PROVIDED DATA:
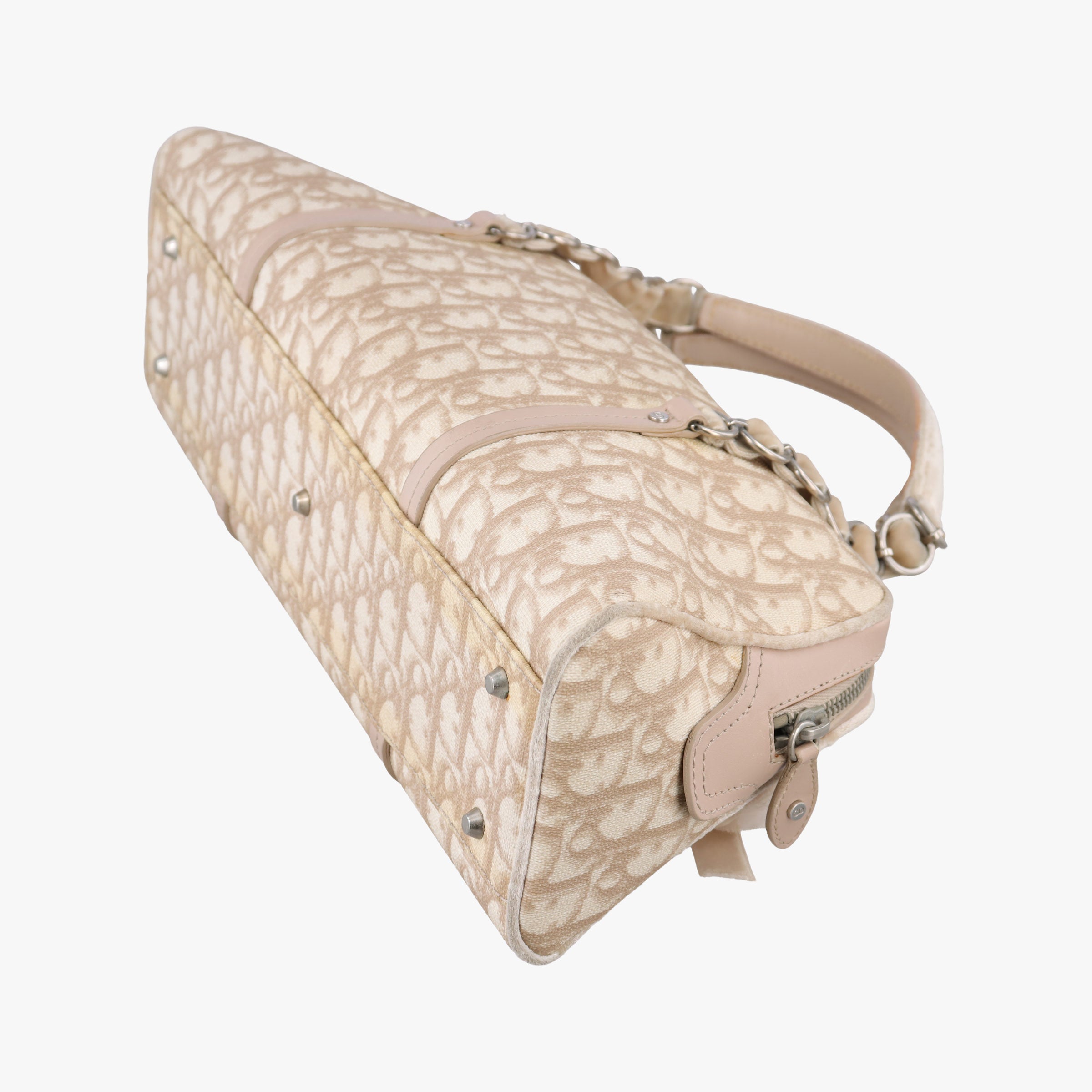 Pre-owned Christian Dior Romantic Trotter Beige x Pink PVC coated canvas x velour  handbag | stylenewstar
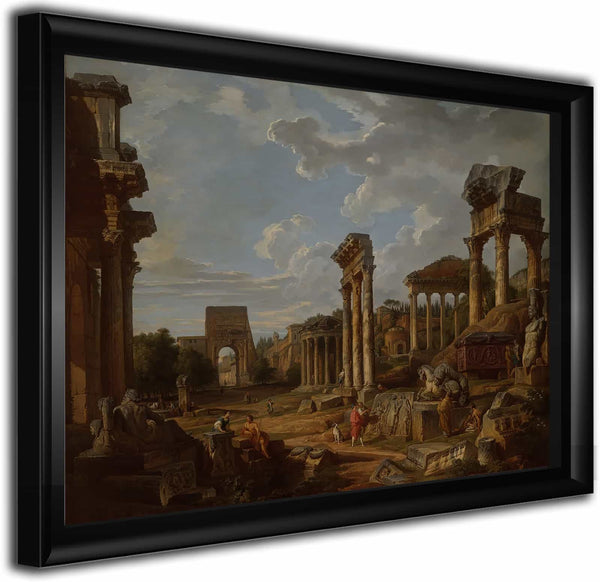 A Capriccio Of The Roman Forum By Giovanni Paolo Panini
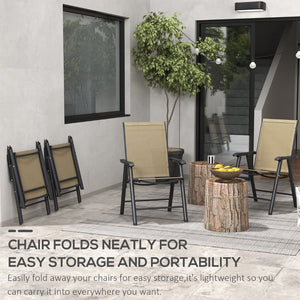 English Elm Outsunny 4 Piece Folding Mesh Sling Outdoor Dining Chair Set with Steel Frame W2225P174112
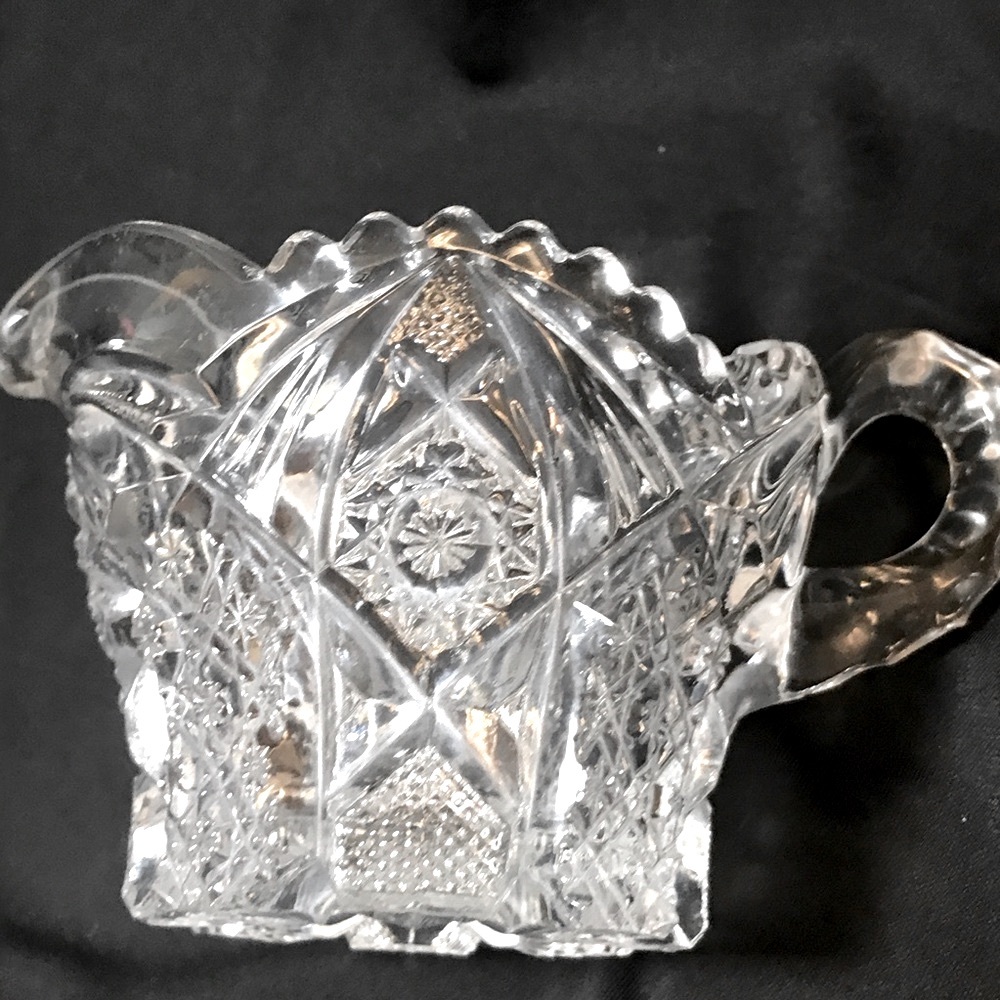 Vintage Nucut Heavy Cut Glass Creamer 3" Tall Crystal?? Brand Etched on Bottom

EXERCISE OBJECTIVE: When copying the listing, print each line exactly but leave out every picture.

TASK ANSWER:
 Pre-owned Christian Dior Romantic Trotter Beige x Pink PVC coated canvas x velour  handbag | stylenewstar
 A Capriccio Of The Roman Forum By Giovanni Paolo Panini
 English Elm Outsunny 4 Piece Folding Mesh Sling Outdoor Dining Chair Set with Steel Frame W2225P174112
 Vintage Nucut Heavy Cut Glass Creamer 3" Tall Crystal?? Brand Etched on Bottom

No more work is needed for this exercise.